━━━━━ SUPPLIED MATERIAL

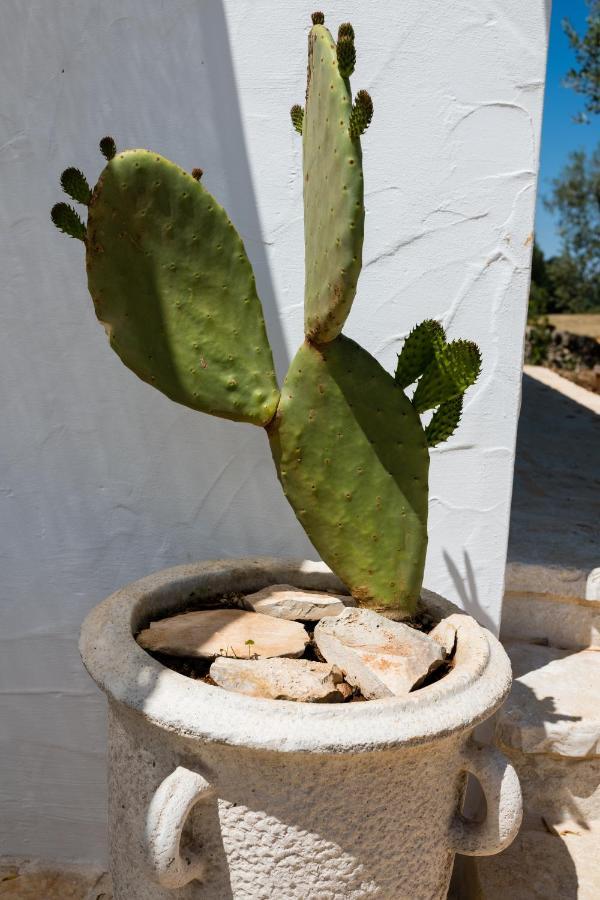 Il Trullo Della Rondinina Βίλα Αλμπερομπέλο Εξωτερικό φωτογραφία
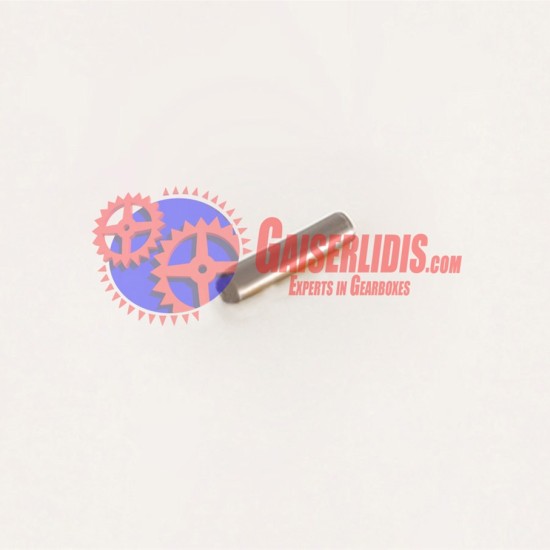 Σωληνάκι Λαδιού 1312304150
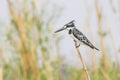 Pied kingfisher resting on reed Royalty Free Stock Photo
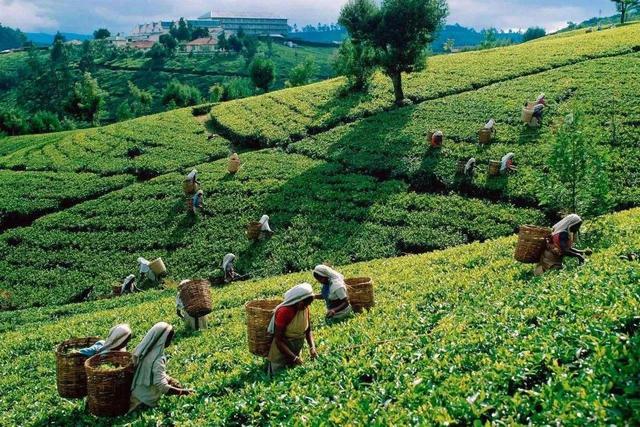 锡兰红茶世界闻名，被誉为“献给世界的礼物”，不同产区差别挺大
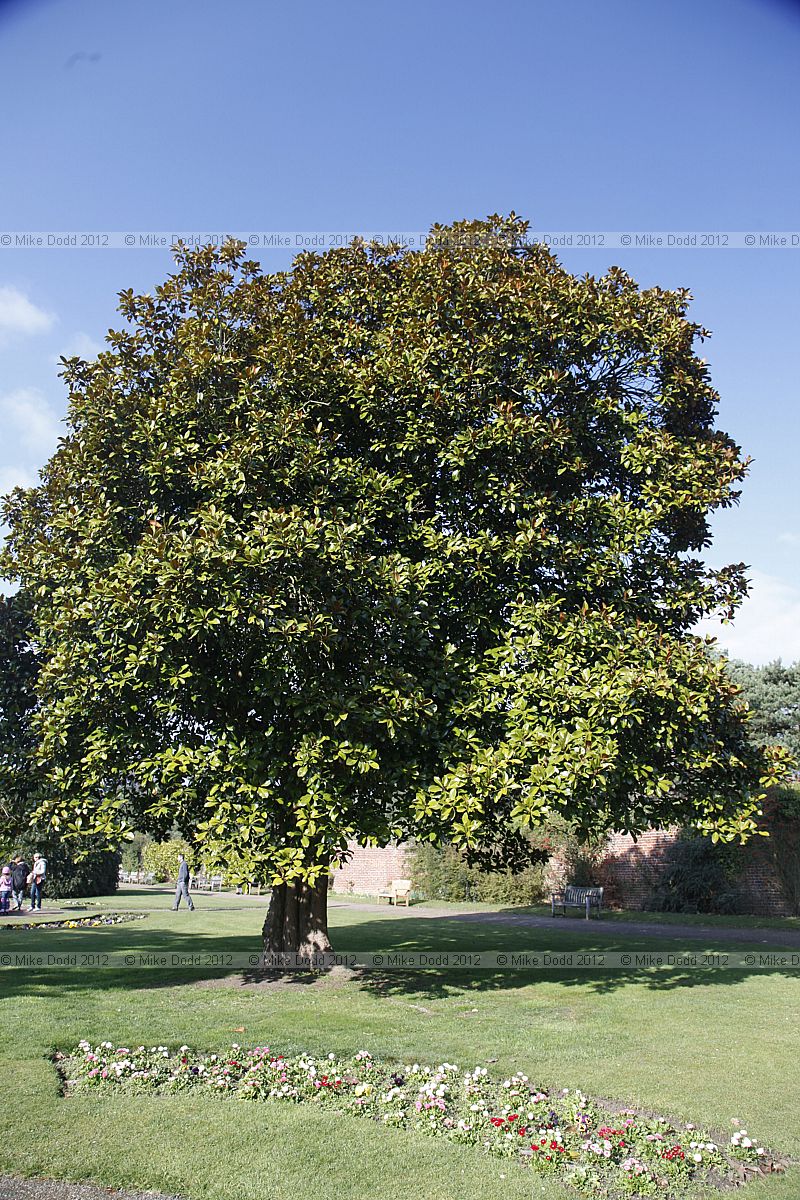 Magnolia grandiflora Bull Bay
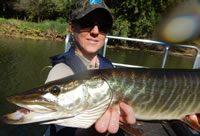 Biologist with Muskellunge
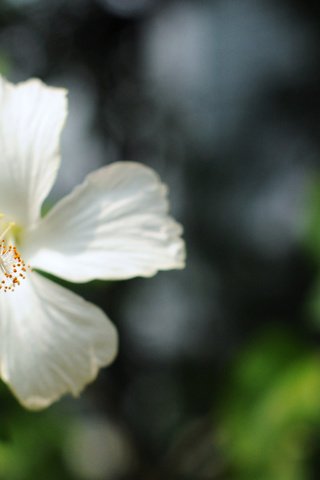Обои цветок, лепестки, размытость, белые, бутое, гибискус, flower, petals, blur, white, bute, hibiscus разрешение 1920x1200 Загрузить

━━━━━━━━━━

BRIEF —
Only the lines from the one containing "Σωληνάκι Λαδιού 1312304150" through the last line of the data may appear in the answer, each given again exactly and with pictures left out.

COMPLETED TASK —
 Σωληνάκι Λαδιού 1312304150
 Pied kingfisher resting on reed Royalty Free Stock Photo
 锡兰红茶世界闻名，被誉为“献给世界的礼物”，不同产区差别挺大
 Magnolia grandiflora Bull Bay
 Biologist with Muskellunge
Обои цветок, лепестки, размытость, белые, бутое, гибискус, flower, petals, blur, white, bute, hibiscus разрешение 1920x1200 Загрузить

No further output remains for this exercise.